Dave and Krist had also invited all their old drummers and crew members, most of whom had also worked for us when Nirvana toured with Sonic Youth in the early nineties. The same management, the same record people—they were all at the Barclays Center that night, too. The only people missing the reunion, really, were the other members of Sonic Youth, Kathleen Hanna, and Tobi Vail. As for the Rock and Roll Hall of Fame itself, Kurt would have hated being a part of that, but I also think he would have been happy having four women sing his songs.
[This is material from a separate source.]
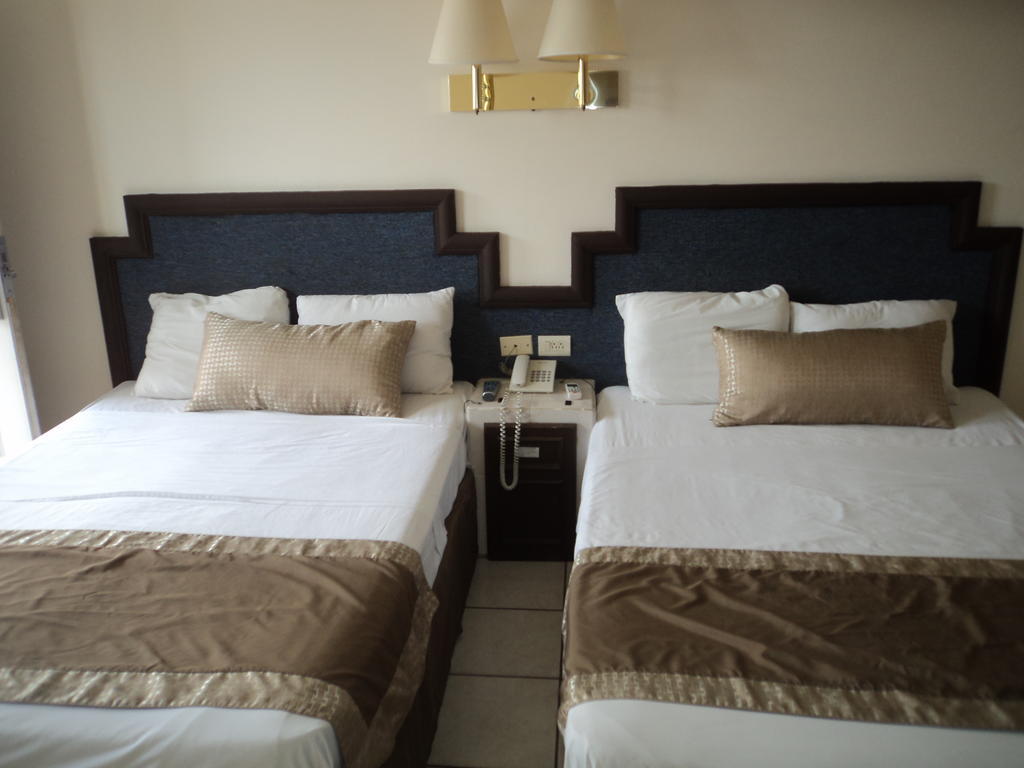 Hotel Hacienda Nainari Ciudad Obregón Rum bild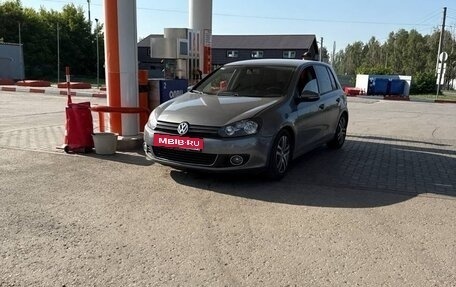 Volkswagen Golf VI, 2011 год, 707 000 рублей, 2 фотография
Onstage I was reminded that Kurt was the most intense performer I'd ever seen. During the show all I could think of was that I wanted to get that same kind of fearlessness across to the audience. I sang “Aneurysm,” with its chorus, “
Beat me out of me,
” bringing in all my own rage and hurt from the last few years—a four-minute-long explosion of grief, where I could finally let myself feel the furious sadness of Kurt's death and everything else surrounding it. Later that night when we sang more songs at a small Brooklyn club and I looked down into the pit and saw both Carrie Brownstein and J Mascis, whom Kurt at one point had asked to join Nirvana, it was like I was home. It was a true nineties reunion for all of us who were there back then. After the Hall of Fame show, Michael Stipe, who had officially inducted Nirvana, came up to me and said, “Your singing was the most punk rock thing to ever happen, or that probably
will
ever happen, at this event.” The best part of the night took place later, at a small metal club in Brooklyn, at an after-
party, where we all performed more Nirvana songs along with J Mascis and John McCauley from Deer Tick.

Then I flew back to L.A. Back to art.

I can still feel in my mind the sensation of making out with someone parked on a hill in front of the Echo Park house. The guy and I had remet at a party through friends the night before. He was charming, and I was super attracted to him, too. Later he gave me a ride home, parking in the middle of my street, on a hill, the motor still running, emergency brake pulled tight. He was a player, I knew that full well, and our good-night kiss turned into a full-on grope. I had to pull away, since I was catching a flight in two hours. He looked shocked, as if to ask,
Gee—you don't want to fuck me right here in the car?
I know, it sounds like I'm someone else entirely now, and I guess I am.